Oblong 4to (214 × 278 mm), pp.144. 104 black-and-white photographs printed in gravure. Photographs and design by Brodovitch. Text by Edwin Denby; minor production crease to one leaf, minor handling crease to another. Plain endpapers; shallow crease to front flyleaf. Plain boards with cloth spine. Grey printed fitted French-fold dust-jacket, text to front in white; short splits to spine-folds strengthened with Japanese tissue on inside, light creasing to flaps, minor toning to edges, light rubbing to bottom outer corners. Publisher’s original board slipcase with printed blue and white label to front; lacking the grey paper covering save for a strip to the spine edge, boards toned and soiled, spine and portion of bottom edge missing, spine replaced by a former owner. An excellent copy of an extremely fragile book.
First edition, limited to 500 copies. Ballet is a remarkable book, it contains photographs taken between 1935 and 1937 by Brodovitch of various international ballet companies whilst they were performing in New York. He photographed the dancers from behind the stage during performances and rehearsals, using a 35mm camera with slow film in available light. Later he enlarged small sections of selected frames and employed various darkroom techniques to bleach and fade certain areas and to further emphasise the contrast and grain of the images.
‘In an era that celebrated clear, sharp, precisely defined, literal photographs, Ballet, with its rough prints, random compositions, unfocused studies, blurred movement, indistinct form, and extreme contrast of brilliant whites and dense blacks, was a radical and innovative departure. Brodovitch sacrificed all the conventional rules of photography in order to capture not one particular ballet, but the experience of dance in general, its energy, movement, and passion… Brodovitch’s success was due in part, to his inclusion of studies not of the dramatic climaxes or highlights of a ballet, but, as Edwin Denby wrote in the introduction, “the unemphatic moments, the ones the audience does not applaud but which establish the spell of the evening.” Further, he created the emotional impact of a ballet through his design and sequencing of the photographs.’

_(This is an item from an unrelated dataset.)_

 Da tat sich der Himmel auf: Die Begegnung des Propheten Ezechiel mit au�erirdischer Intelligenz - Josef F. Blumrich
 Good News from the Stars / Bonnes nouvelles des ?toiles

The photographs are arranged in eleven segments, each showing a different performance, printed full bleed and butted up against one another to create a series of continuous sequences. Each section is introduced with the title of the ballet in a typographical style that echoes the aesthetic qualities of that particular ballet. The ballets included are Les Noces, Les Cent Baisers, Symphonie Fantastique, Le Tricorne, La Boutique Fantasque, Cotillon, Choreartium, Septieme Symphonie, Le Lae des Cygnes, Les Sylphides, and La Concurrence. ‘Beyond a brief introduction, the sequence has no discernible narrative progression. It is not an intellectual or rational order, but an intuitive one that evolves as the images flow into one another in cinematic fashion; it is not a descriptive record, but a subjective interpretation composed of many separate scenes that together evoke an experience.’
Due to its small print run Ballet received limited commercial exposure, though its influence was widely felt Jane Livingstone and other critics have suggested that a great number of the copies that did find their way into circulation were distributed by Brodovitch himself to friends and colleagues. Its scarcity was exacerbated when fires in 1956 and 1959 destroyed much of Brodovitch’s working archive and library including most of his own remaining copies of Ballet. According to OCLC, a significant number of copies are now held in libraries and institutions worldwide, though COPAC does not locate any copies in Britain.
Greenough, S., ‘Fragments that Make a Whole Meaning in Photographic Sequences,’ Robert Frank: Moving Out; Sinibaldi, A. and Couturier, J-L., Regards sur un siècle de photographie à travers Le Livre (85); Roth A., The Book of 101 Books: Seminal Photographic Books of the Twentieth Century pp.110-3; Purcell, K. W. Alexey Brodovitch; Parr, M. and Badger, G., The Photobook: A History vol.I pp.240-1; Roth, A., The Open Book: A History of the Photographic Book from 1878 to the Present pp.136-7; Auer, M. and M., 802 photo books from the M + M Auer collection p.314 [none of which mention the publisher’s slipcase]; Errata Editions Books on Books #11 Alexey Brodovitch: Ballet.